Retype every line of the data, keeping each word exactly.

→ Records to process
──────────

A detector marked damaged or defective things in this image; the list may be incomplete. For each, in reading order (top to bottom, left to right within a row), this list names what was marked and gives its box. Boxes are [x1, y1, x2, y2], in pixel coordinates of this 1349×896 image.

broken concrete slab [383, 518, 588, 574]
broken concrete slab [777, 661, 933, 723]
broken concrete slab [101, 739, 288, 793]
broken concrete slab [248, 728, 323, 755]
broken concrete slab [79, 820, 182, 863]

──────────

→ Answer below
A detector marked damaged or defective things in this image; the list may be incomplete. For each, in reading order (top to bottom, left to right within a row), this list names what was marked and gives its box. Boxes are [x1, y1, x2, y2], in pixel coordinates of this 1349×896 image.

broken concrete slab [383, 518, 588, 574]
broken concrete slab [777, 661, 933, 723]
broken concrete slab [101, 739, 288, 793]
broken concrete slab [248, 728, 323, 755]
broken concrete slab [79, 820, 182, 863]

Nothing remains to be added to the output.